┌─ Data supplied
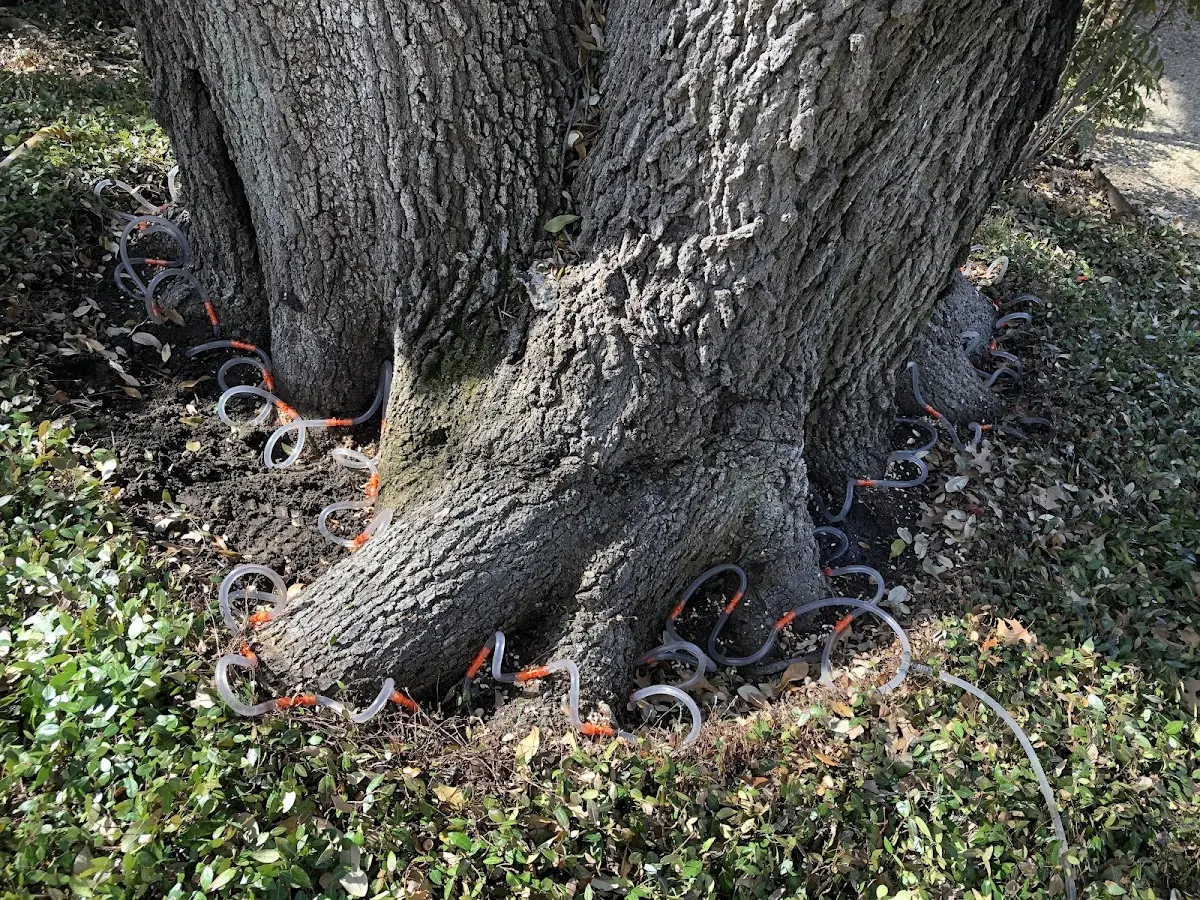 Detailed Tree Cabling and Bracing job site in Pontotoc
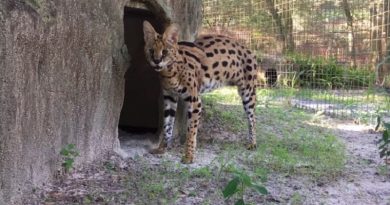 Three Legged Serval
└─
┌─ Data supplied
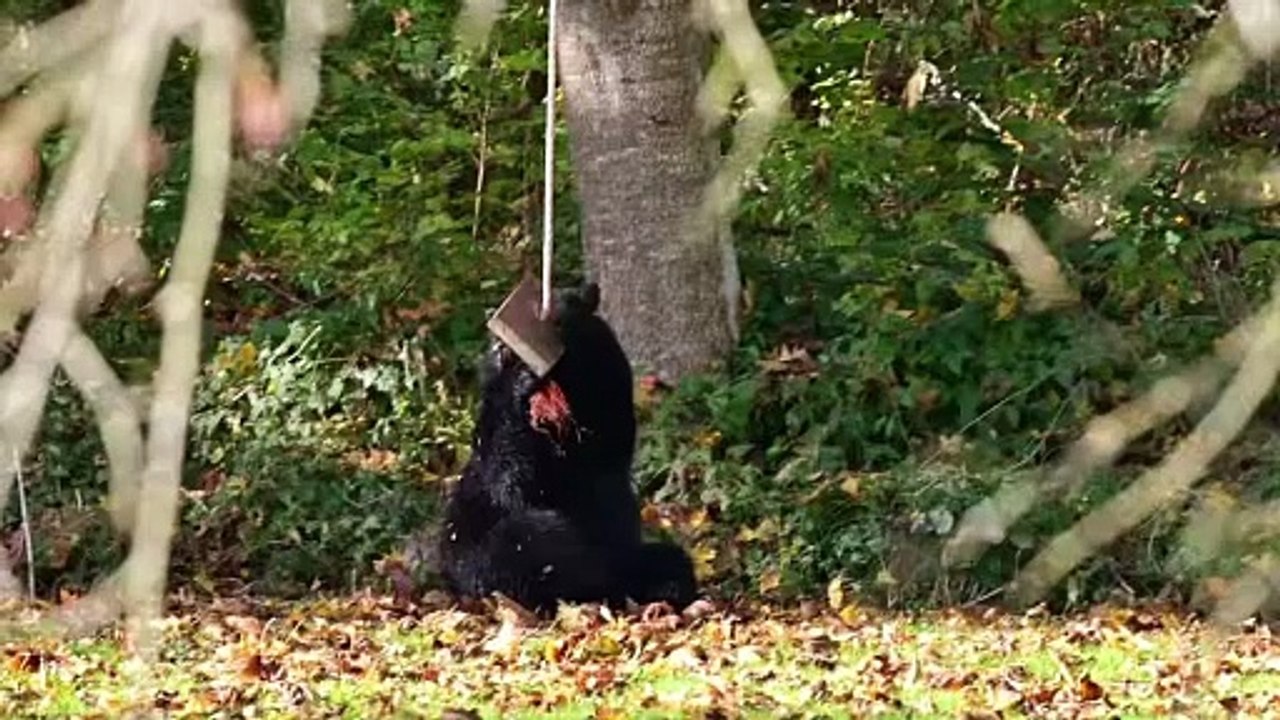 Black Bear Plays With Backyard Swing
└─
**Task requirements:** Using the data above, return the lines from the one holding "Detailed Tree Cabling" through the one holding "Three Legged Serval" exactly, but not the pictures.

**Reply:**
 Detailed Tree Cabling and Bracing job site in Pontotoc
 Three Legged Serval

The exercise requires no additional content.